Y se quedan mirando como pasa el tiempo, y como pasan, otrosí, los señores y las señoras desplegando mapas. Y las chicas y los chicos haciéndose fotos. Y la muchachada mirando hacia arriba, con el bolso en bandolera y bien agarrado, no sea que les roben el alma y no sepan encontrar el camino de vuelta a casa. Mirando hacia arriba vete a saber que gárgola o estatua de Miguel Angel o de Bernini, eso dice la guía del hotel.
Una ciudad entre tanto recuerdo inútil. Prefieren la molicie. Y ese oasis mundano circundado por un río y una estación de ferrocarril, un círculo bien delimitado que invoca a Juan a sacar sus lápices de colores y dibujar la fuente de la piazza Navona. Tiempo que se deja querer, tiza de sus ojos que no se cansan de vagabundear, acompañado por el clamor de las pizzerías y el silencio de las tiendas de ropa y calzado. Escoltados siempre por la sonrosada luz de los edificios que atardecen como crepúsculos.
Luego, al regreso, llega la penitencia. Cuando le cuenta a Ignacio y éste le inquiere, le interroga y acorrala:
- Cuéntame. ¿Viste la Sixtina restaurada?
- Cuéntame. ¿Viste la Sixtina restaurada?
- No. Había una cola impresionante.
- ¿Viste los centuriones del Colosseo?
- Los vi. Bueno, vi a uno muy gordo. Gordísimo.
- ¿Y las foto?
- No hay fotos.
- ¿Pues que hiciste? ¿Adónde fuiste? ¿De dónde viniste?
- Dormí, soñé, amé.
- Pero... pero... ¡Para dormir haberte quedado en casa!
No es lo mismo, camarada, no se duerme lo mismo que en casa cuando lo haces en el corazón del Trastevere, en una de las paredes que custodian la Fontana di Trevi o apostado en una terraza de la Navona, justo delante de la fuente del centro. También hay que estar atento donde se sueña.

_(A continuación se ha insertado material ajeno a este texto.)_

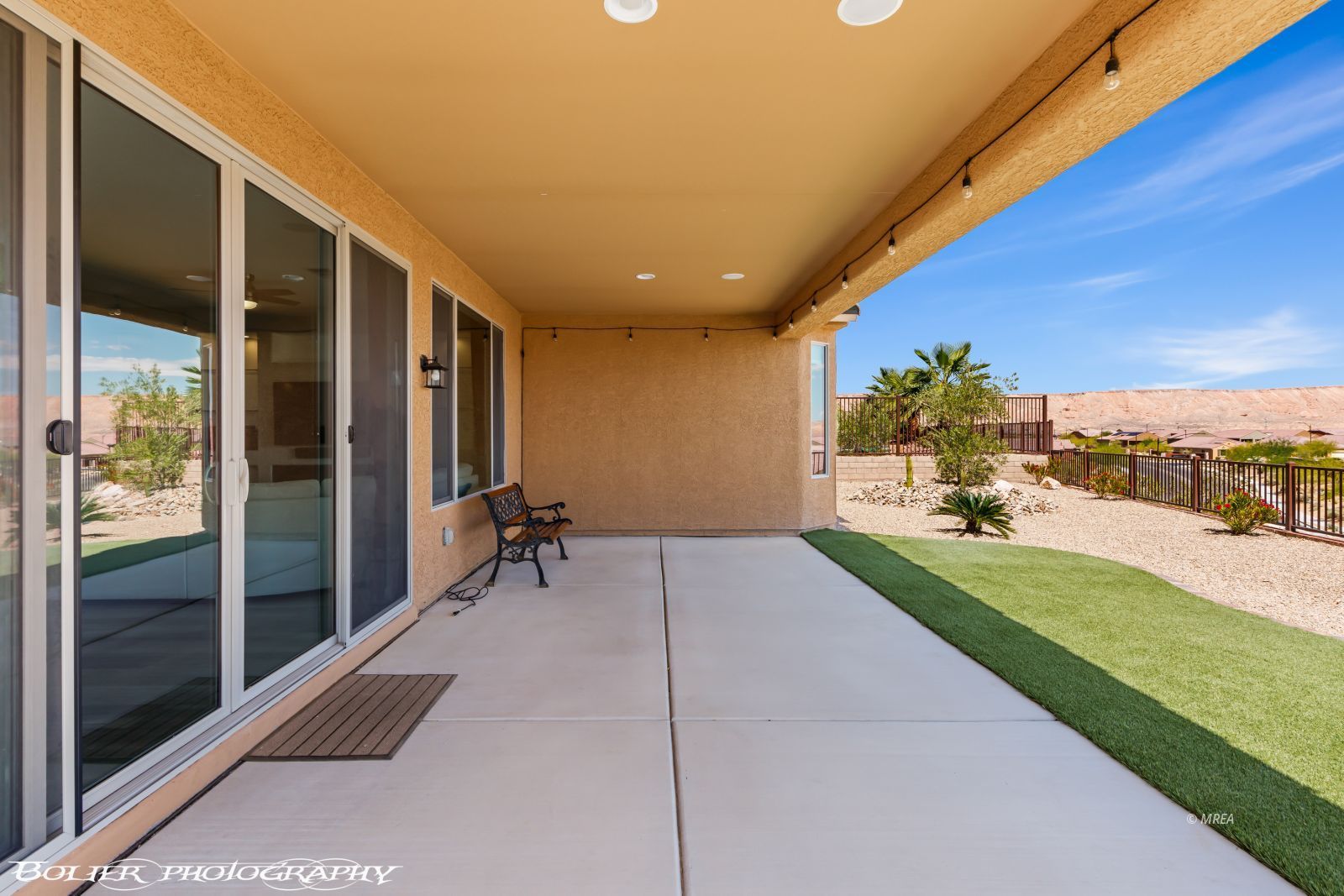 1109  Flagstone BND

Finalmente, lo encontraron. Llevaban, eso sí, ese mapa amarillento y necesariamente incompleto en el que apenas se vislumbra la cruz en aspa que marca el lugar exacto donde se halla enterrado el tesoro. A cinco pasos de la base del árbol cocotero, depositario, tras un buen ejercicio de excavación, del gran cofre repleto de joyas, gemas y diamantes, Juan llegó, vio y durmió. Al estilo de Julio César. Y Susana, que velaba su buen dormir, como en los cuentos de Sherezade, le despertaba ofreciéndole la memoria de su sonrisa, justo cuando la fugacidad del sol dejaba al descubierto el sonrosado crepúsculo de las fachadas de los edificios. Y el murmullo de los paganos – los turistas- levantaba un halo como de palomas grises agitando el viento. Y tal vez despertó mejor de lo que era, pero eso probablemente no llegaremos a saberlo nunca, porque el hombre se hallaba tan a gusto, durmiendo en el contramuro de un rincón del Partenon, que daba hasta pena despertarlo.
Roma, abril de 2003
Etiquetas: crónicas
1 comentarios:
Veo, con agrado y envidia, que el alumno ya aventaja al maestro. En un día, o quizás en dos, serás un auténtico bloggeador en un reino efímero, terco y lleno de ensueños.
No esperes la gloria si ésta no te ha tocado el hombro con su mano pálida y casi fantasmagórica. Espera más bien que el Dios de las catacumbas salga a la superficie para recordarte quién eras antes de la fama.